The conversion of CO₂ into value added products has become the main research interest for mitigating the rising level of CO₂ in the atmosphere.^1,2 CO₂ can be converted into valuable commodities such as synthetic gas, methanol,³ dimethyl ether,⁴ paraffin⁵ and olefin.^6,7 Selective catalytic CO₂ hydrogenation to methane through Sabatier reaction allowed the conversion of CO₂ at atmospheric pressure (eqn (1)).

CO₂ (g) + 4H₂ (g) ↔ CH₄ (g) + 2H₂O (g) ΔH_{298 K} = −165 kJ mol⁻¹ (1)

CO₂ (g) + H₂ (g) ↔ CO (g) + 2H₂O (g) ΔH_{298 K} = −41.2 kJ mol⁻¹ (2)

Noble metals (Ru, Rh, Ir)^8,9 and non-noble metals (Fe, Ni, Co)^10–12 have been utilized as catalysts in order to provide the active site for CO₂ methanation.
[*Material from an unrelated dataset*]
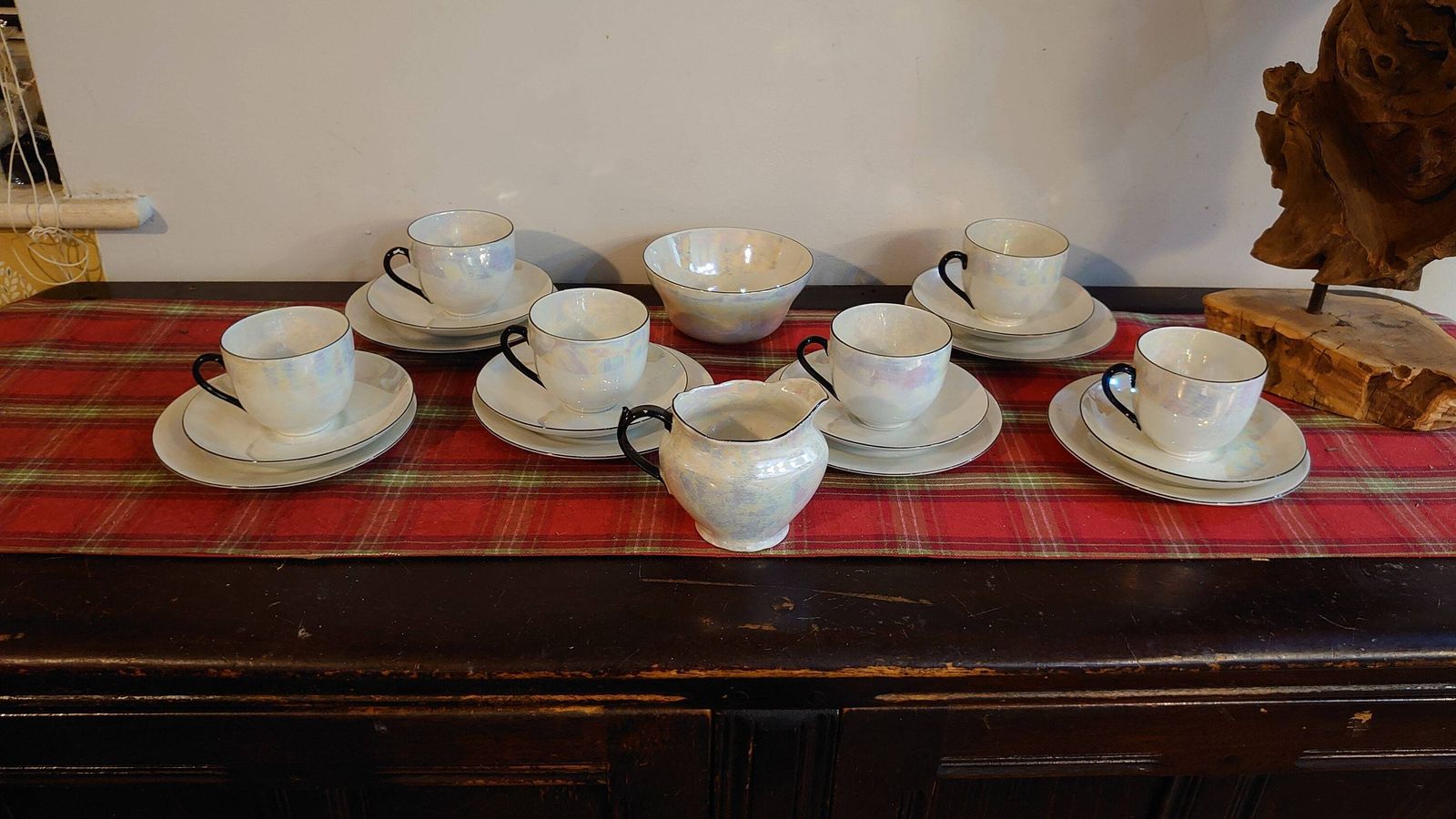 photo furniture 6 Pearlescent Tea Cups, Saucers And Sideplates With A Sugar Bowl & Creamer   Very Good To Excellent Condition   Czech Slovak Ceramic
However, Ni has been the ideal choice based on the high methanation activity and the relatively inexpensive price when compared to the precious metals. Ni was impregnated on various supports for example SBA-15,¹⁰ SiO₂,^13,14 γ-Al₂O₃,^15–17 ZrO₂,^18–21 CeO₂,^22–24 MCM-41 (ref. 25 and 26) and zeolite^27–29 in order to increase the nanoparticles dispersion. Zeolite with high surface area increased the dispersion of metal nanoparticles that consequently reduced the sintering of nanoparticles particularly for reaction at high temperatures.³⁰ Apart from surface area, the porosity of zeolite also enhanced CO₂ diffusion,^29,31 and controlled the formation of intermediates.³² Zeolite with high basicity and surface hydrophobicity enhanced the CO₂ adsorption and hydrogenation,¹⁰ and reduced the deactivation caused by the formation of water during CO₂ methanation.²⁷

CO₂ methanation is a highly exothermic reaction thus thermodynamically, the reaction favoured a low temperature condition in order to achieve high selectivity towards methane.³³ At high temperatures, the reaction shifted from methanation to reverse water gas shift (RWGS) (eqn (2)). High temperature also caused deactivation of the catalysts due to the sintering of nanoparticles and the deposition of coke.¹⁴ Therefore, this research aimed to design Ni catalysts for CO₂ methanation at low temperature by impregnation of Ni on different type of zeolite support. Zeolite NaZSM-5, NaA, NaBEA, and NaY with different micro/mesoporosity, surface area and basicity were synthesized using kaolin mineral and impregnated with 15% wt of Ni loading. Kaolin is a naturally occurring aluminosilicate mineral that was widely investigated as precursor for the synthesis of zeolite.³⁴ The effect of surface area and porosity of the zeolites were determined based on the activity for CO₂ methanation at temperatures between 200–500 °C. The structure, morphology, and textural properties of Ni/zeolite catalysts were analyzed using XRD, IR spectroscopy, FESEM, and N₂ adsorption–desorption techniques. CO₂-TPD and H₂-TPR were conducted to evaluate surface basicity and Ni dispersion. The influence of micro–mesoporosity was also evaluated on the stability of the catalysts. Finally, the mechanism of the reaction was proposed based on the intermediate species examined using in situ FTIR analysis.

Experimental

Preparation and characterization of the catalysts

Zeolites were synthesized from kaolin (Bangka Belitung Island, Indonesia) as silica and alumina sources. Prior to the synthesis of zeolite, kaolin was converted into amorphous metakaolin through calcination at 720 °C for 4 hours.³⁵ Zeolites were synthesized according to the molar ratios summarized in Table 1. Typical procedures for the synthesis of zeolite involved the dissolution of NaOH in water, followed by gradual addition of colloidal silica. Metakaolin was mixed with distilled water and subsequently added into the colloidal silica solution with vigorous stirring for 30 min. The gel was transferred into Teflon-lined autoclave and heated in the oven at temperatures and duration as summarized in Table 1. The solids were filtered and washed with distilled water until the pH was neutral, followed by drying in air oven at 100 °C for overnight. For the synthesis of NaBEA and NaZSM-5, there was an additional step involving the removal of organic template via calcination at 550 °C for 6 h in air followed by another 1 h under continuous N₂ flow.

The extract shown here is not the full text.